When I was a college student, I remember, I wrote a paper on passivity in the Romantic poets—the passivity of men, not women. I can’t recall the poems that triggered my thoughts on the subject, but I still remember the chill it gave me to scrutinize the behaviors of people stifled and unable to act strongly for themselves, to be the agents of their own lives and destinies.
Tutored by the women’s liberation movement, we have become old hands at understanding passivity bred of silence. The silence of the abused woman or girl who thinks she won’t be believed if she names her abuser, the woman who fears retribution if she speaks the truth. We have learned to see the oppressive dynamics in families where women and children stifle their speech—and sometimes their dreams and desires as well—when they know that these will put them into conflict with a powerful male in the household.
All this “understanding” notwithstanding, I was shocked by two situations that leapt out at me as we were editing this issue of LILITH—a kind of silencing I would not have predicted we’d be experiencing this far along in the struggle. LILITH has always been a safe space for women to speak out. Yet two articles here are written by authors using pseudonyms, a situation I don’t love as an editor. I bring their circumstances into the foreground here because it is urgent that we not deny to ourselves how difficult it still is for women to speak their truths.
Each author chooses for her own reasons not to write under her own name, but both women are driven by oppression. Neither could be persuaded to relinquish her anonymity. A mother writing about her gay teenage son regrets the need to hide her identity; she’s doing it because her son does not feels safe enough in his public high school to be “out” in that community (though his buddies at Jewish summer camp have known for years). Haunted by news reports of hate crimes against homosexuals, she, understandably, honors his decision to remain closeted, at least for now. And a woman in her twenties, revisiting her bold choice at the age of 17 to defy her mother and have her breasts surgically reduced, finds herself unable to take that courage into her work life. She’s a writer in the first years of her career, and her ambitions keep her from revealing her identity in print when she’s writing about the change she has inscribed on her own body.

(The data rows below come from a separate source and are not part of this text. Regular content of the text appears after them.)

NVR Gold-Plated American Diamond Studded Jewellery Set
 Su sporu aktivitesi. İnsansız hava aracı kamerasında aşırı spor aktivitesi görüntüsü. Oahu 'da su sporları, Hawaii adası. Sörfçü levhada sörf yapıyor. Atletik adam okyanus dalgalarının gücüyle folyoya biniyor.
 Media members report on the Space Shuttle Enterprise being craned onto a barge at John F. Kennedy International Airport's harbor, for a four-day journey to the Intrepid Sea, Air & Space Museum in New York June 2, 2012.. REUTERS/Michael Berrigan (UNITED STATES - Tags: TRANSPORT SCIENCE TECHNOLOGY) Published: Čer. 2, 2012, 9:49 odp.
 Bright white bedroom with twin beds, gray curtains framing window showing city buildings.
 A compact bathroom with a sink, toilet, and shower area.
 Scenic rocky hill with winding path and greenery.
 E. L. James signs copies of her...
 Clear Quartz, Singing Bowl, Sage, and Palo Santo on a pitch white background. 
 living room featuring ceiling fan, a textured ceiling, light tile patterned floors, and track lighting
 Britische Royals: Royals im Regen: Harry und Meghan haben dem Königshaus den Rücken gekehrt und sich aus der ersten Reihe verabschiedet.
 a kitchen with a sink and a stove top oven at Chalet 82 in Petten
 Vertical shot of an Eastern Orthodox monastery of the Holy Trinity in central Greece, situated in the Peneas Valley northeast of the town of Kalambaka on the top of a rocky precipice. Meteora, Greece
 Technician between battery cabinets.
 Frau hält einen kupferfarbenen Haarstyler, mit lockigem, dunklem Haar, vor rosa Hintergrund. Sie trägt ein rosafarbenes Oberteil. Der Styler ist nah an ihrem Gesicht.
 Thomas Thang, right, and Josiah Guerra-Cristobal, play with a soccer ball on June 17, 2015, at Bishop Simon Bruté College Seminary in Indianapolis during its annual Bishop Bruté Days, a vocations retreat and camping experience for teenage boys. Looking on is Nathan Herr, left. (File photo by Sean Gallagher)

About breasts, a little background. Early adolescents dishing about their bodies talk about “getting your period.” Among middle-aged women the body-talk is all about hormone replacement therapy, osteoporosis and reading glasses. Breast cancer and its looming fears are a part of the subtext of any conversations among women, but unexplored until now has been another part of our breast consciousness. A dominant theme for many women in their twenties and thirties is how to have a buff form, a worked-out, tight taut body. This ideal is at odds with having large breasts (large in this case being relative, but perhaps meaning anything that jiggles when you run). And so the pleasures of breasts have been replaced, for some women, by a new breast-size anxiety.
Unlike menarche or menopause, the symptoms of which can be alleviated with Advil or yoga or estrogen, big breasts are likely to become smaller breasts only through surgery. And breast reduction surgery, if we can judge from how frequently the subject comes up in conversation these days, is a new rite of passage for women. While no breast surgeon would confirm for LILITH that Jewish women are more likely to seek out this surgery than other women, or that Jewish women are more likely to have breasts larger than some elusive “norm,” LILITH’s informal data suggests that this operation is on the possibility list of many young Jewish women. One says she is going to wait until she has a child, another says that she is interviewing all her friends who have had the surgery. A third says her friend’s older sister had her breasts reduced in high school, but no one in the family talked about it. “Oh yeah,” said a one-time LILITH writer. “I had my breasts reduced years ago. Didn’t I tell you?” Well, as usual, the current articles in LILITH do more than give you the first-person accounts, and include an analysis of why minority women are more likely to view their bodies as too fleshy and too “primitive.”
The shape of women’s bodies is changing, and so, less dramatically, is LILITH’s masthead. Sarah Blustain, an award-winning writer who has been on the staff for four and a half years, most recently as Senior Editor, joins our Contributing Editors now that she has moved from New York to Washington to become Managing Editor at The New Republic. Sarah’s best-remembered features at LILITH include a cover story on Black/Jewish young adults and features on right-wing women, patriarchal wedding practices, a trenchant profile of the hate mongering talk-jock Dr. Laura, and a groundbreaking report on the sexual misconduct of the late Rabbi Shlomo Cariebach. LILITH has for years been a fertile and nurturing workplace for writers and editors, so at the same time that we’re sorry not to have Sarah’s regular presence in the office, we are happy to continue to feature her writing and to benefit from her continued editorial input. Other changes: Yona Zeldis McDonough, a novelist and essayist, takes over as Book Editor in addition to her responsibilities for fiction in LILITH. Alice Sparberg Alexiou, whose byline has appeared several times in the magazine, comes on board as News Editor, and we welcome and we have invited two women in their midtwenties into the process of creating LILITH: Assistant Editor Rachel Kranson and Contributing Editor Danya Ruttenberg. We welcome all the new and enriching presences into the LILITH office and to these pages.